Appleby’s confidence in Pinatubo remains high and he believes that the delayed start to flat-racing and, consequently, his charge’s lack of recent racing experience, will not prove to be a disadvantage as, after all, each of the horses will be in the same boat. There is a big leap from 2-year old racing to 3-year old racing but Appleby reckons that Pinatubo “ has strengthened over the winter. He has met every challenge we have set him so far.
The tall and elegant Irish-bred Arizona is Pinatubo’s nearest rival according to the bookies, with odds of 6/1 from BetFred. Trainer Aidan O’Brien has four runners in the race including the second-favourite Arizona, and is looking for a fourth consecutive victory at Newmarket on Saturday. O’Brien succeeded with Magna Grecia last year, and also won in 2018 with Saxon Warrior and 2017 with Churchill so he has a terrific record with the 2000 Guineas.
Talking about his top runner, O’Brien expresses confidence saying “Arizona is in good form, everything has gone well with him…He’s a big, rangy, scopey horse and we always thought he would improve from two to three and it would suit him being a three-year-old.
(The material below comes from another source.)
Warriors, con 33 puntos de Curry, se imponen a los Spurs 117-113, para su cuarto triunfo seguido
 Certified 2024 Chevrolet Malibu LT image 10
We’ll see — he ran a very good race to win the Coventry and ran some very good races after that. We think he’s ready to start…He’s a straightforward horse, a good traveller, and he likes nice ground. We’ve been looking forward to running him”.
Arizona, who will be ridden by jockey Ryan Moore, won the Coventry Stakes at Royal Ascot last year and was runner-up to Pinatubo in the Dewhurst, so he rightly takes top billing in the Ballydoyle line-up this time round with Wichita, his nearest rival in the stables, unlikely to catch him. William Hill’s odds of 14/1 for Wichita reflect his relatively poor prospects in this competitive field.
American-bred Kameko is third favourite for the race, with bookie Coral offering odds of 7/1 that will beat the competition. This promising Qatar Racing horse won the Vertem Furity Trophy (G1) last year, the first group 1 race to be held on all-weather under lights. Trainer Andrew Balding says “he’s a very good horse who is improving all the time”.
So Pinatubo will have some healthy competition this Saturday but remains the outstanding favourite. After his six straight wins last season, Pinatubo was given an official rating of 128, two points ahead of racing legend Frankel at the same stage, making him the best European juvenile since 1994.
Racing needs its stars like Pinatubo, and there is no doubt that the Godolphin horse has stellar prospects this season. But all is not sweetness and light in the Godolphin stables. And even prior to the events of the past couple of months, the British Horseracing Authority (BHA) has been under pressure for its continuing support for the owner of Godolphin, Sheikh Mohammed bin Rashid Al Maktoum.
When in March this year the family courts found Sheikh Mohammed – Prime Minister and Ruler of Dubai – guilty of the abduction and forced return to Dubai of two of his daughters, the judges also pronounced that the owner of Godolphin had “not been open and honest with the court”. With clear evidence of human rights violations, can Sheikh Mohammed be considered a “fit and proper” person to be the owner of his stables, as required by the RHA code of conduct? Or does the enormous influence he wields in the industry – courtesy of his massive investment over decades in the UK, Dubai, Australia and Japan – take precedence? What a dilemma for the BHA to face as racing returns to our screens this week.